Çok teşekkür ederim.


----------



## xpictianoc

but gitmek  means to go, doesn't it? 
for example
Istanbul'a *gitmek* istiyorum
I want *to go* to Istanbul


----------



## dawar

That's right!

But "hoşuna gitmek" means literally "going to your please" so it's a way to to tell "pleasing". your car is pleasing = I like your car.

Maybe somebody else could explain this better than me.


----------



## xpictianoc

why I can't simply say "araban seviyorum" ?


----------



## dawar

"Araban*ı* seviyorum" is also correct!


----------



## R00T3RR00R

Altough Turkish is not my present language, I would translate it like that "Arabani severim" or "Arabanizi severim". But, of course, you've needed to attach importance native speakers.


----------



## Rallino

R00T3RR00R said:


> Altough Turkish is not my present language, I would translate it like that "Arabani severim" or "Arabanizi severim". But, of course, you've needed to attach importance native speakers.



That's grammatically correct. However the present continuous tense *seviyorum*, and the aorist tense* severim* have slightly different meanings. So we would -almost in every situation, use *seviyorum*.


----------



## xpictianoc

Could someone explain my when should be used aorist tense? I know that this tense exists in BCS and Bulgarian language but there is  -if I'm not wrong - one of past tenses. How it looks like in turkish?


----------



## jinxnao

this tense defines a generality my friend.For example it is not supposed to say" arabanı severim" but it is supposed to say "arabanı seviyorum" you wonder why?
İf I say "arabanı severim" this means that your araba is kinda something which has a personality and feelings or which is a mood or talent, you are allowed to say "kardeşini severim" = I like your bro, or "Resmini severim" = I like your painting......
İn turkish we say generally " Seviyorum" for specific situations and severim for generalities...(I like painting (resmi severim) is a generality while resmi seviyorum is a situation for now and perhaps not for all times...)


----------



## xpictianoc

çok teşekkürler! I think I got it hehe so It's better to say Türkiye'yi severim then Türkiye'yi seviyorum? or jinxnao İngilizce konuşur then jinxnao İngilizce konuşuyor?

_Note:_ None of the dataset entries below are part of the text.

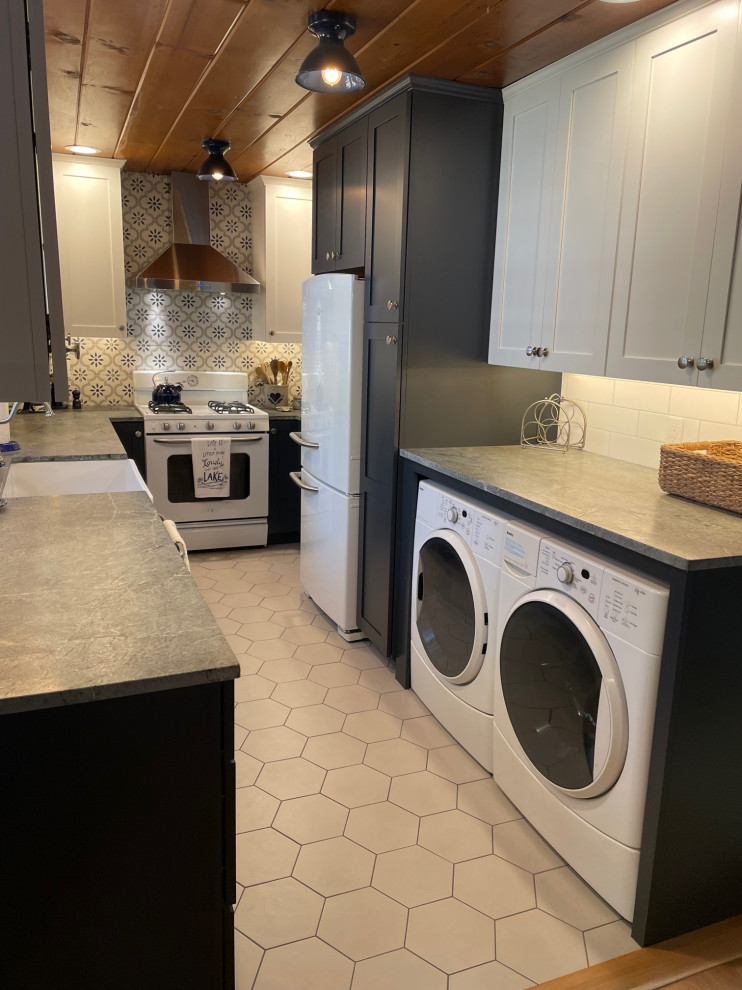 Photo of a small rural kitchen in Other with a belfast sink, shaker cabinets, blue cabinets, soapstone worktops, white splashback, metro tiled splashback, white appliances, porcelain flooring, grey floors and a wood ceiling.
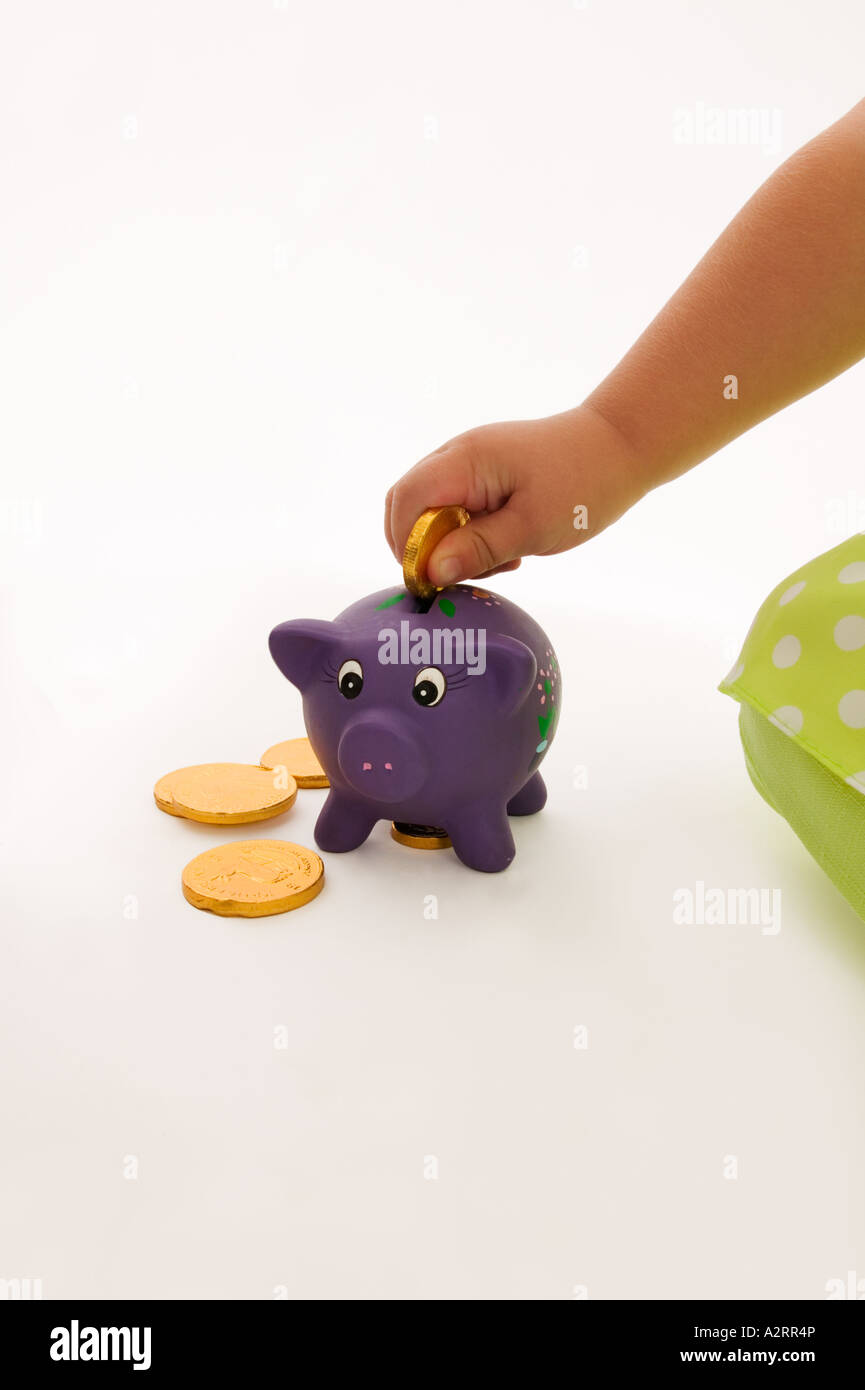 Child 18 months with piggybank Model released Studio shot Stock Photo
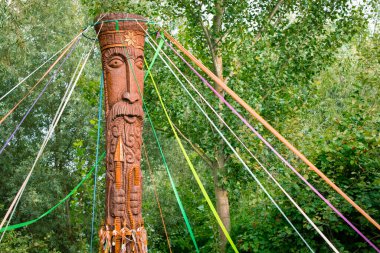 Bahar Pagan bayramı şenlik etkinliği ahşap oyulmuş putların sütunları renkli kurdeleler doğa orman Nisan ortamı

So, geniş zaman is like english present simple? And şimdlik zaman like present continious?


----------



## sirmus

Well, technically right. The suffix "-iyorum" is used for continious tense and "-erim" for present tense. But in Turkish we also use this continious tense as the present tense. I mean "Seni seviyorum" doesn't mean "I'm loving you" but "I love you". And if you say "Seni severim", this wouldn't mean the same thing. 

About the "I like your car" thing, i wouldn't use "sevmek" but "hoşuna gitmek/beğenmek" cause "like" has those meanings. So just say, "Arabanı/arabanızı beğeniyorum" or "Araban/arabanız hoşuma gidiyor". This "araban/arabanız" difference depends on whom you're talking. If s/he's your friend or someone you're close to, then use "araban", if it's your boss, teacher or someone like that, use "arabanız". It's like the "ton/votre" difference in French.

By the way, I guess the difference between "geniş zaman (present tense)" and "şimdiki zaman (continious tense)" is that we use the first one in more general meanings: "Köpekleri severim" (means ANY dog; in general) BUT "Köpeğini seviyorum" (a SPECIFIC dog; yours) / "Arabalar hoşuma gider" BUT "Araban hoşuma gidiyor"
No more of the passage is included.